## Activity
Write out the complete data exactly as written.
*** Dataset records Section Begins ***
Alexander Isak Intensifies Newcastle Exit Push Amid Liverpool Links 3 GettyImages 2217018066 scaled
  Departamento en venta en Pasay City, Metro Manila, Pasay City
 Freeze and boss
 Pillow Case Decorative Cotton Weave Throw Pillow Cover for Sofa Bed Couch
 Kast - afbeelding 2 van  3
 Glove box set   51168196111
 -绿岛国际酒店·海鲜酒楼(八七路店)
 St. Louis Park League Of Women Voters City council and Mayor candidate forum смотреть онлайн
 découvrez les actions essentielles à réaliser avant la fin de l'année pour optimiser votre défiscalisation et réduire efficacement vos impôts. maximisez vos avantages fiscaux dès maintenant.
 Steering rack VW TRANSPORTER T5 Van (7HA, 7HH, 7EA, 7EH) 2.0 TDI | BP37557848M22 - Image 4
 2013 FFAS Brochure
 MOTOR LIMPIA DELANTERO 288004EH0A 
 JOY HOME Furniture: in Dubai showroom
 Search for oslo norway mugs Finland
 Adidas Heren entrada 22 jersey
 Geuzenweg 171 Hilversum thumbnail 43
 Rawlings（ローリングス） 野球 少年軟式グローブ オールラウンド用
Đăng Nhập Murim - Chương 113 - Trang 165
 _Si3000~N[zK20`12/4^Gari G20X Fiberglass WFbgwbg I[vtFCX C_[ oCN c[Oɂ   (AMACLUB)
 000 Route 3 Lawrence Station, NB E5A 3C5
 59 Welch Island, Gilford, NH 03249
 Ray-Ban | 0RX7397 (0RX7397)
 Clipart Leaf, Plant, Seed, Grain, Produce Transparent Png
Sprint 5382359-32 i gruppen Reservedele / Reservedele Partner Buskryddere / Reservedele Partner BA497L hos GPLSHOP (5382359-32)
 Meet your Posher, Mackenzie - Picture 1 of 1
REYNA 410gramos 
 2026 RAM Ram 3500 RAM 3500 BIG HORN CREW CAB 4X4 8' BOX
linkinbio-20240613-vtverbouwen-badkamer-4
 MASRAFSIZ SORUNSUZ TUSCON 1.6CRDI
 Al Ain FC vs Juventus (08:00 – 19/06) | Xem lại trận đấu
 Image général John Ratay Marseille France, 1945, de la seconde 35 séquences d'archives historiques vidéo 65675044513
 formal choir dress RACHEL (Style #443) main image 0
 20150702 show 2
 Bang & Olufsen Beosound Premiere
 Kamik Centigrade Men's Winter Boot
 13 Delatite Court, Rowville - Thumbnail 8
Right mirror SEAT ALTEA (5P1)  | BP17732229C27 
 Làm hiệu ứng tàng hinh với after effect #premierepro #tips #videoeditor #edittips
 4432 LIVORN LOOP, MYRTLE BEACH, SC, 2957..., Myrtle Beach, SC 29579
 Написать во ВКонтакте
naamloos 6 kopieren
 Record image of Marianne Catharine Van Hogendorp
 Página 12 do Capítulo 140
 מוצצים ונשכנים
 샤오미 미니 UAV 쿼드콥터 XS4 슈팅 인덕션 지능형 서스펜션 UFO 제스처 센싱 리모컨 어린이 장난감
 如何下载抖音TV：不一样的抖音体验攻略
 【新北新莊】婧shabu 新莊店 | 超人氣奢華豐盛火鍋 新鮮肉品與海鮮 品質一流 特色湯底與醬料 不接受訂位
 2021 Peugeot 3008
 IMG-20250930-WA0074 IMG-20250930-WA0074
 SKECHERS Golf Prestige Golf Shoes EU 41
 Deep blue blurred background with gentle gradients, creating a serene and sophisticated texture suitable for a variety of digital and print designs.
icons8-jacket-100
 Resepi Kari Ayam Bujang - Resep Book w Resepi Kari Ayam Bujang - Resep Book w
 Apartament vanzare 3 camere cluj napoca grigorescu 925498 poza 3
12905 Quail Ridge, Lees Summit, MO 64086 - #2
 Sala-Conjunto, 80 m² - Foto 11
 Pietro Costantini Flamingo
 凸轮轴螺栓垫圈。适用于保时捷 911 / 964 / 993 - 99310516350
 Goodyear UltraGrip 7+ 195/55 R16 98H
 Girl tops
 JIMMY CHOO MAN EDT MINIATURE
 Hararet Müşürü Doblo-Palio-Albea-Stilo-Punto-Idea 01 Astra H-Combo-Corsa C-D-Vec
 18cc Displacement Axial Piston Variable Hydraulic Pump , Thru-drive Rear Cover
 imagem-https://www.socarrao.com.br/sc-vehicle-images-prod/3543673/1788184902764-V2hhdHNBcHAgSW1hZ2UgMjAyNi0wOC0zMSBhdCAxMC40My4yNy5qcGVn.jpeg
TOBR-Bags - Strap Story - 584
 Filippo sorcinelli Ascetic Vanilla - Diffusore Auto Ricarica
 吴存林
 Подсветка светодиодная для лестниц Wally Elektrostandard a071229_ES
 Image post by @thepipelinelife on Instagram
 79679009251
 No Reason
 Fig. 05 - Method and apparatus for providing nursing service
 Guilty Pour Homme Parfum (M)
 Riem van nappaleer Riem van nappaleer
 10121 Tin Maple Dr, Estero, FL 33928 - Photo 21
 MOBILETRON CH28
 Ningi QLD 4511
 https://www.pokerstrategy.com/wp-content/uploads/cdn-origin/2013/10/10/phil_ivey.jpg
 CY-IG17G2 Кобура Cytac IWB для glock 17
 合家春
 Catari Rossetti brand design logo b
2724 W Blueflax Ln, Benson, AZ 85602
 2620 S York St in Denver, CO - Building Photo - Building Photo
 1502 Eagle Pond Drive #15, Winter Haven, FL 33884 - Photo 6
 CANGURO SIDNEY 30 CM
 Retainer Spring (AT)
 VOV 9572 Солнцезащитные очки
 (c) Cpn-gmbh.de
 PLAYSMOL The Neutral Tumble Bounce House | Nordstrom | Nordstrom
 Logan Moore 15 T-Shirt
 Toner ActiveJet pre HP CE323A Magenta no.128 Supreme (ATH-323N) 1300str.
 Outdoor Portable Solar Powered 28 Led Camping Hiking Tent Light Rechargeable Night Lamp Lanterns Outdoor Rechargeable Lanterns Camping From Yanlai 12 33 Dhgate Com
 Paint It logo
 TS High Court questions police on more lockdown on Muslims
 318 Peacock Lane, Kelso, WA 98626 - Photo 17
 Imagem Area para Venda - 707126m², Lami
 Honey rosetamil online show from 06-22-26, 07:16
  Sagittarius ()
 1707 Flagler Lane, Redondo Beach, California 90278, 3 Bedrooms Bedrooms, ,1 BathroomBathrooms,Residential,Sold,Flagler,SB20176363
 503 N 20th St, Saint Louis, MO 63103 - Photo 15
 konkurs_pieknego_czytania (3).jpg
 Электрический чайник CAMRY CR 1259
*** Dataset records Section Ends ***
## Solved problem
Alexander Isak Intensifies Newcastle Exit Push Amid Liverpool Links 3 GettyImages 2217018066 scaled
  Departamento en venta en Pasay City, Metro Manila, Pasay City
 Freeze and boss
 Pillow Case Decorative Cotton Weave Throw Pillow Cover for Sofa Bed Couch
 Kast - afbeelding 2 van  3
 Glove box set   51168196111
 -绿岛国际酒店·海鲜酒楼(八七路店)
 St. Louis Park League Of Women Voters City council and Mayor candidate forum смотреть онлайн
 découvrez les actions essentielles à réaliser avant la fin de l'année pour optimiser votre défiscalisation et réduire efficacement vos impôts. maximisez vos avantages fiscaux dès maintenant.
 Steering rack VW TRANSPORTER T5 Van (7HA, 7HH, 7EA, 7EH) 2.0 TDI | BP37557848M22 - Image 4
 2013 FFAS Brochure
 MOTOR LIMPIA DELANTERO 288004EH0A 
 JOY HOME Furniture: in Dubai showroom
 Search for oslo norway mugs Finland
 Adidas Heren entrada 22 jersey
 Geuzenweg 171 Hilversum thumbnail 43
 Rawlings（ローリングス） 野球 少年軟式グローブ オールラウンド用
Đăng Nhập Murim - Chương 113 - Trang 165
 _Si3000~N[zK20`12/4^Gari G20X Fiberglass WFbgwbg I[vtFCX C_[ oCN c[Oɂ   (AMACLUB)
 000 Route 3 Lawrence Station, NB E5A 3C5
 59 Welch Island, Gilford, NH 03249
 Ray-Ban | 0RX7397 (0RX7397)
 Clipart Leaf, Plant, Seed, Grain, Produce Transparent Png
Sprint 5382359-32 i gruppen Reservedele / Reservedele Partner Buskryddere / Reservedele Partner BA497L hos GPLSHOP (5382359-32)
 Meet your Posher, Mackenzie - Picture 1 of 1
REYNA 410gramos 
 2026 RAM Ram 3500 RAM 3500 BIG HORN CREW CAB 4X4 8' BOX
linkinbio-20240613-vtverbouwen-badkamer-4
 MASRAFSIZ SORUNSUZ TUSCON 1.6CRDI
 Al Ain FC vs Juventus (08:00 – 19/06) | Xem lại trận đấu
 Image général John Ratay Marseille France, 1945, de la seconde 35 séquences d'archives historiques vidéo 65675044513
 formal choir dress RACHEL (Style #443) main image 0
 20150702 show 2
 Bang & Olufsen Beosound Premiere
 Kamik Centigrade Men's Winter Boot
 13 Delatite Court, Rowville - Thumbnail 8
Right mirror SEAT ALTEA (5P1)  | BP17732229C27 
 Làm hiệu ứng tàng hinh với after effect #premierepro #tips #videoeditor #edittips
 4432 LIVORN LOOP, MYRTLE BEACH, SC, 2957..., Myrtle Beach, SC 29579
 Написать во ВКонтакте
naamloos 6 kopieren
 Record image of Marianne Catharine Van Hogendorp
 Página 12 do Capítulo 140
 מוצצים ונשכנים
 샤오미 미니 UAV 쿼드콥터 XS4 슈팅 인덕션 지능형 서스펜션 UFO 제스처 센싱 리모컨 어린이 장난감
 如何下载抖音TV：不一样的抖音体验攻略
 【新北新莊】婧shabu 新莊店 | 超人氣奢華豐盛火鍋 新鮮肉品與海鮮 品質一流 特色湯底與醬料 不接受訂位
 2021 Peugeot 3008
 IMG-20250930-WA0074 IMG-20250930-WA0074
 SKECHERS Golf Prestige Golf Shoes EU 41
 Deep blue blurred background with gentle gradients, creating a serene and sophisticated texture suitable for a variety of digital and print designs.
icons8-jacket-100
 Resepi Kari Ayam Bujang - Resep Book w Resepi Kari Ayam Bujang - Resep Book w
 Apartament vanzare 3 camere cluj napoca grigorescu 925498 poza 3
12905 Quail Ridge, Lees Summit, MO 64086 - #2
 Sala-Conjunto, 80 m² - Foto 11
 Pietro Costantini Flamingo
 凸轮轴螺栓垫圈。适用于保时捷 911 / 964 / 993 - 99310516350
 Goodyear UltraGrip 7+ 195/55 R16 98H
 Girl tops
 JIMMY CHOO MAN EDT MINIATURE
 Hararet Müşürü Doblo-Palio-Albea-Stilo-Punto-Idea 01 Astra H-Combo-Corsa C-D-Vec
 18cc Displacement Axial Piston Variable Hydraulic Pump , Thru-drive Rear Cover
 imagem-https://www.socarrao.com.br/sc-vehicle-images-prod/3543673/1788184902764-V2hhdHNBcHAgSW1hZ2UgMjAyNi0wOC0zMSBhdCAxMC40My4yNy5qcGVn.jpeg
TOBR-Bags - Strap Story - 584
 Filippo sorcinelli Ascetic Vanilla - Diffusore Auto Ricarica
 吴存林
 Подсветка светодиодная для лестниц Wally Elektrostandard a071229_ES
 Image post by @thepipelinelife on Instagram
 79679009251
 No Reason
 Fig. 05 - Method and apparatus for providing nursing service
 Guilty Pour Homme Parfum (M)
 Riem van nappaleer Riem van nappaleer
 10121 Tin Maple Dr, Estero, FL 33928 - Photo 21
 MOBILETRON CH28
 Ningi QLD 4511
 https://www.pokerstrategy.com/wp-content/uploads/cdn-origin/2013/10/10/phil_ivey.jpg
 CY-IG17G2 Кобура Cytac IWB для glock 17
 合家春
 Catari Rossetti brand design logo b
2724 W Blueflax Ln, Benson, AZ 85602
 2620 S York St in Denver, CO - Building Photo - Building Photo
 1502 Eagle Pond Drive #15, Winter Haven, FL 33884 - Photo 6
 CANGURO SIDNEY 30 CM
 Retainer Spring (AT)
 VOV 9572 Солнцезащитные очки
 (c) Cpn-gmbh.de
 PLAYSMOL The Neutral Tumble Bounce House | Nordstrom | Nordstrom
 Logan Moore 15 T-Shirt
 Toner ActiveJet pre HP CE323A Magenta no.128 Supreme (ATH-323N) 1300str.
 Outdoor Portable Solar Powered 28 Led Camping Hiking Tent Light Rechargeable Night Lamp Lanterns Outdoor Rechargeable Lanterns Camping From Yanlai 12 33 Dhgate Com
 Paint It logo
 TS High Court questions police on more lockdown on Muslims
 318 Peacock Lane, Kelso, WA 98626 - Photo 17
 Imagem Area para Venda - 707126m², Lami
 Honey rosetamil online show from 06-22-26, 07:16
  Sagittarius ()
 1707 Flagler Lane, Redondo Beach, California 90278, 3 Bedrooms Bedrooms, ,1 BathroomBathrooms,Residential,Sold,Flagler,SB20176363
 503 N 20th St, Saint Louis, MO 63103 - Photo 15
 konkurs_pieknego_czytania (3).jpg
 Электрический чайник CAMRY CR 1259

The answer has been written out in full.